#### [REQUIRED ACTION]
When you reach the line that holds "Une main tient", start copying exactly and keep going through the final line of the data, leaving out pictures.

#### [RAW DATA]
■ ■ ■

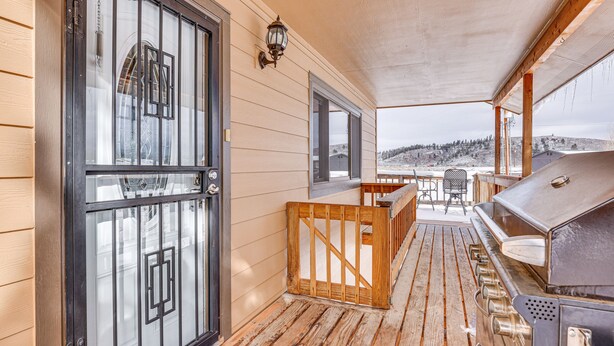 Un espace extérieur abrité, doté d’une terrasse en bois, d’un barbecue et offrant une vue sur un paysage enneigé.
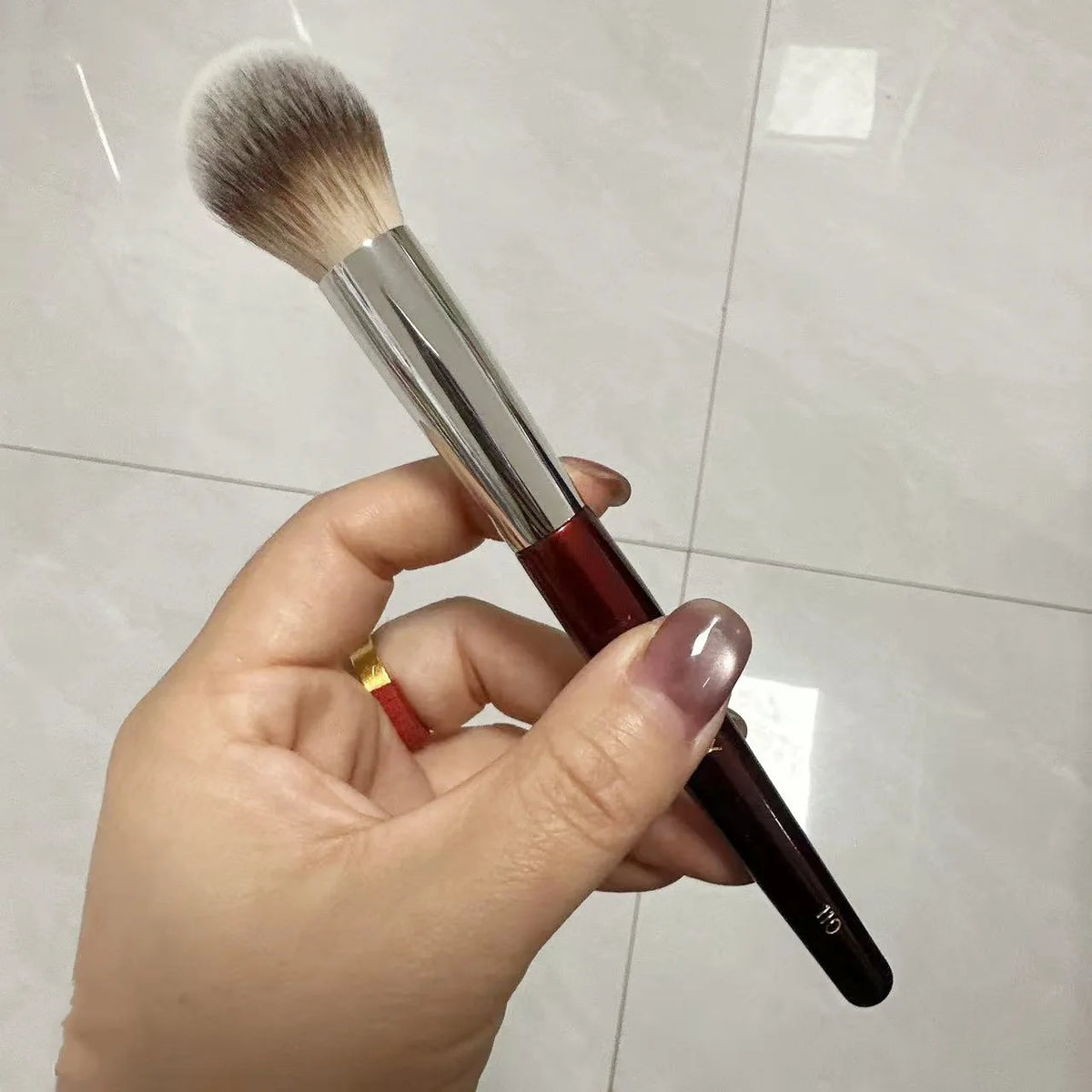 Une main tient un pinceau de maquillage liquide angulé avec un manche brun et une ferule argentée sur un fond de carreaux cla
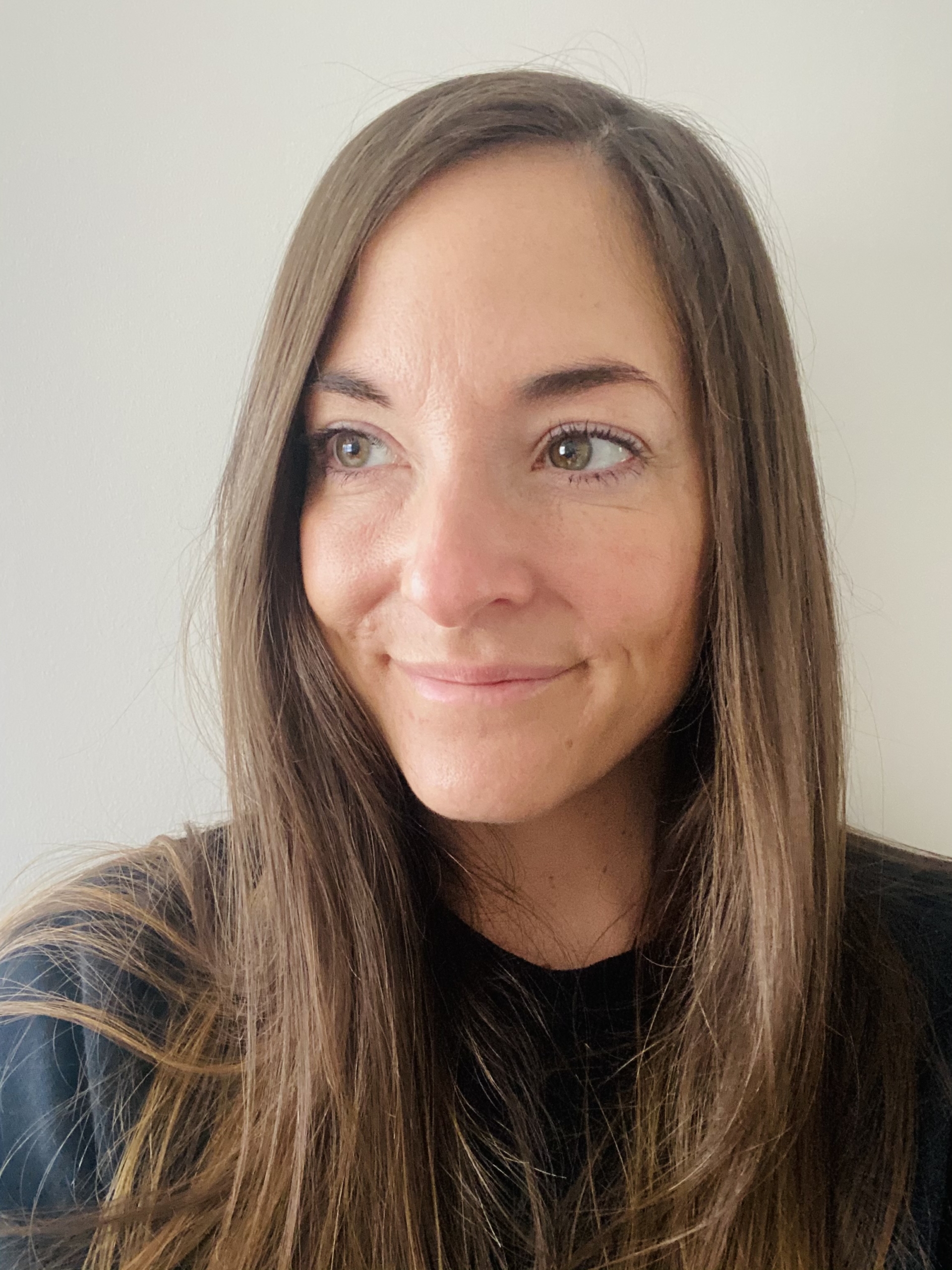 Danielle Lara smiles at the camera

■ ■ ■

#### [EXERCISE ANSWER]
 Une main tient un pinceau de maquillage liquide angulé avec un manche brun et une ferule argentée sur un fond de carreaux cla
 Danielle Lara smiles at the camera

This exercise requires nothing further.